Difference between sum of given array elements and sum of 0 to n-1 natural numbers gives you the duplicated element. Sum of 0 to n-1 elements is (N * N-1)/2 example array is [0,1,2,3,4,5,6,7,8,8,9] sum of 0 to 9 natural numbers is : 45 sum of given array elements : 53 53-45 = 8 Which is the duplicated element

Answer 5

#include <bits/stdc++.h>
using namespace std;

int find_only_repeating_element(int arr[] , int n){
int low = 0;
int high = n-1;
while(low <= high){
    int mid = low + (high - low)/2;
    if(arr[mid] == arr[mid + 1] || arr[mid] == arr[mid - 1]){
        return arr[mid];
    }
    if(arr[mid] < mid + 1){
        high = mid - 2;
    }else{
        low = mid + 1;
    }
   }
   return -1;
}

int main(int argc, char const *argv[])
{
int n , *arr;
cin >> n;
arr = new int[n];
for(int i = 0 ; i < n ; i++){
    cin >> arr[i];
}
    cout << find_only_repeating_element(arr , n) << endl;
    return 0;
}

Answer 6

How about that? (recursion style)

public static int DuplicateBinaryFind(int[] arr, int left, int right)
{
   int dup =0;

   if(left==right)
   {
      dup = left;
   }
   else
   {
        int middle = (left+right)\2;
        if(arr[middle]<middle)
        {
          dup = DuplicateBinaryFind(arr,left, middle-1);

        }
        else
        {
           dup = DuplicateBinaryFind(arr, middle+1, right);
        }
   }

   return dup;

}

Answer 7

The example array is a little bit different from your question. Since n is the length of array and there are one and only duplicate in array, the value of each element in array should be in [0,n-1].
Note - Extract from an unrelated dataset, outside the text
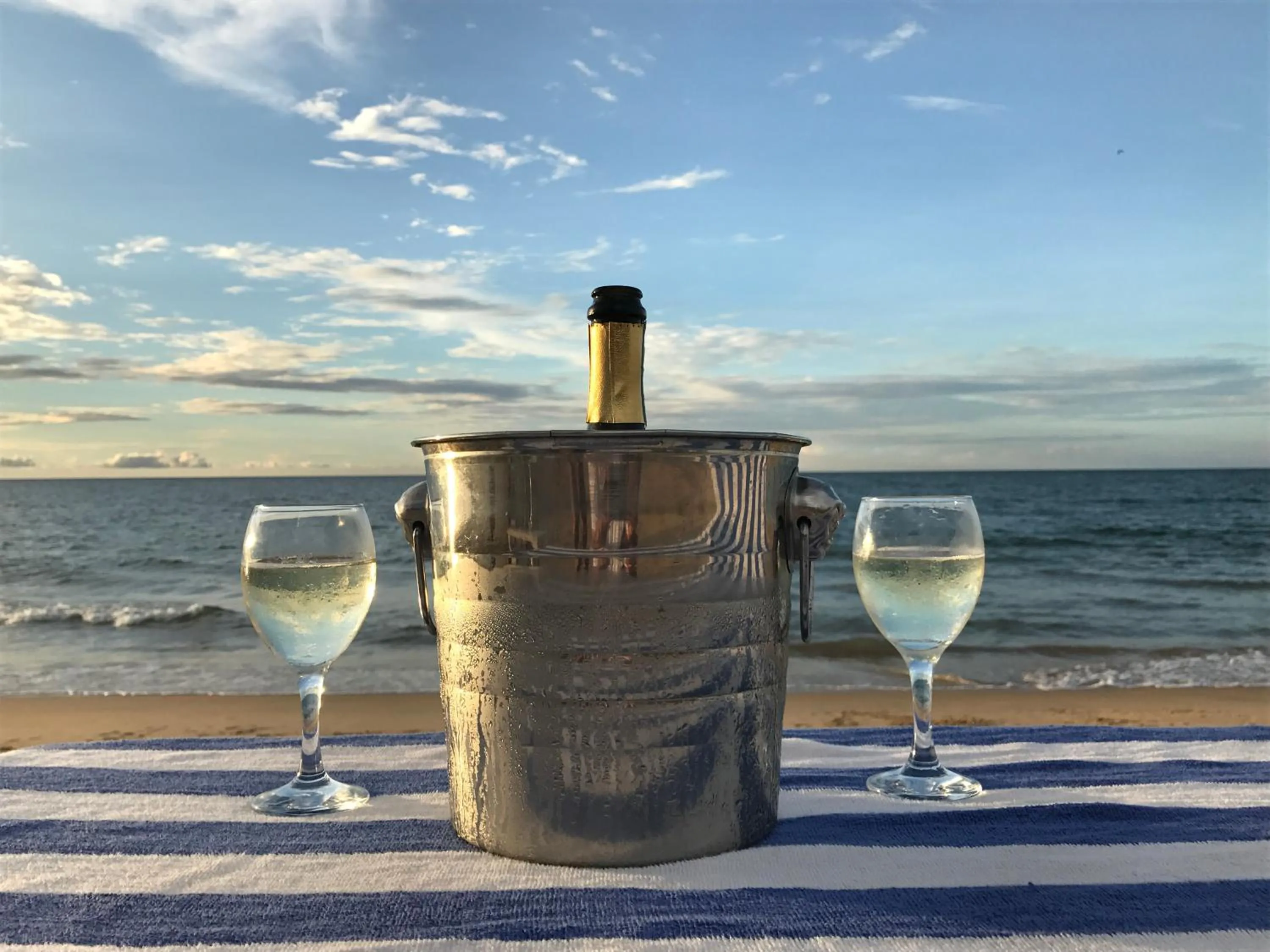 Food and drinks in Wellé Wadiya Beach Villa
If that is true, then this question is the same one with How to find a duplicate element in an array of shuffled consecutive integers?

The following code should find the duplicate in O(n) time and O(1) space.

public static int findOnlyDuplicateFromArray(int[] a, boolean startWithZero){
    int xor = 0;
    int offset = 1;
    for(int i=0; i < a.length; i++){
        if(startWithZero)
            xor = xor ^ (a[i] + offset) ^ i;
        else
            xor = xor ^ a[i] ^ i;
        }
        if(startWithZero)
            xor = xor - offset;
    return xor;
}